The intrigue is deepened by the holding of presidential and parliamentary elections on the same day under controversial constitutional changes spearheaded by Erdogan which will hand the new Turkish president enhanced powers and scrap the office of prime minister.
The vote takes place almost two years after the failed coup aimed at ousting Erdogan from power, a watershed in its modern history which prompted Turkey to launch the biggest purge of recent times under a state of emergency that remains in place.
Some 55,000 people have been arrested in a crackdown whose magnitude has sparked major tensions with Ankara’s Western allies.
Only a knockout first round victory for Erdogan and a strong parliamentary majority for his ruling Justice and Development Party (AKP) will be seen as an unequivocal victory for the Turkish leader.
And many analysts believe Ince can force a second round on July 8, while AKP risks losing its parliamentary majority in the face of an unprecedented alliance between four opposition parties.
“This is not the classical opposition that he has been facing for 15 years and which he more or less succeeded in managing and marginalizing,” said Elize Massicard of the French National Center for Scientific Research.
“It’s a new political dynamic that has grown in magnitude,” she said.
The opposition was already boosted by the relatively narrow victory of the “Yes” campaign in the April 2017 referendum on the constitutional changes.
Most opinion polls — to be treated with caution in Turkey — suggest Erdogan will fall short of 50 percent in the first round.
Erdogan remains by far Turkey’s most popular politician and inspires sometimes near-fanatical support in the Anatolian interior, where he is credited with transforming lives through greater economic prosperity.
“A great Turkey needs a strong leader,” says the slogan on election posters of Erdogan plastered across Turkey.
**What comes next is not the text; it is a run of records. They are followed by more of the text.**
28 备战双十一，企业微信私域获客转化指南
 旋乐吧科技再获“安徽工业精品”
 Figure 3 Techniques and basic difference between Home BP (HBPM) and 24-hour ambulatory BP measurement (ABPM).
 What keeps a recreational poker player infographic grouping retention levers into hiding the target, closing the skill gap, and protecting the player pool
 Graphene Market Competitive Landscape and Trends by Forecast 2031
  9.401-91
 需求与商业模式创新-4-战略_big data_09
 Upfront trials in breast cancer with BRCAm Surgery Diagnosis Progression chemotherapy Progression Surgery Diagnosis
But the elections come at a time when Turkey is undergoing one of its rockiest recent economic patches despite high growth, with inflation surging to 12.15 percent and the lira losing 20 percent against the dollar this year.
Erdogan brought the elections forward from November 2019 in what many analysts saw as a bid to have them over with before the economy nosedived.
The opposition has sought to play on signs of Erdogan fatigue and also echoed Western concerns that freedom of expression has declined drastically under his rule.
For the first time, Erdogan has been forced to react in the election campaign as the opposition set the pace.
He had to deny quickly when Ince accused him of meeting the alleged architect of the 2016 failed coup, Fethullah Gulen. Erdogan promised to lift Turkey’s two-year state of emergency only after the CHP had vowed the same.
“The opposition is able to frame the debate in the election and this is a new thing for Turkish politics,” Asli Aydintasbas, fellow with the European Council on Foreign Relations (ECFR) said.
“A party that has been in power for so long is, in an economic downturn, going to experience a loss (in support) and lose its hegemony over politics,” she added.
While the CHP sees itself as the guardian of a secular and united Turkey, Ince has also sought to win the support of Turkey’s Kurdish minority who make up around a fifth of the electorate.
A rally held by Ince in the Kurdish stronghold of Diyarbakir in the southeast attracted considerable attention. “A president for everyone,” reads his election slogan, over a picture of the affably smiling former physics teacher.
The opposition, which argues that Erdogan has been given a wildly disproportionate amount of media airtime in the campaign, has sometimes resorted to creative and even humorous campaign methods.
The Iyi (Good) Party of Meral Aksener, once seen as a major player but lately eclipsed by Ince, put out humorous messages on Google ads and even devised a computer game where light bulbs — the AKP symbol — get destroyed.
Selahattin Demirtas, the candidate of the pro-Kurdish Peoples Democratic Party (HDP), has campaigned from his prison cell following his jailing in November 2016. He made an election speech on speaker phone through his wife’s mobile but was allowed give a brief election broadcast on state TV, albeit from prison.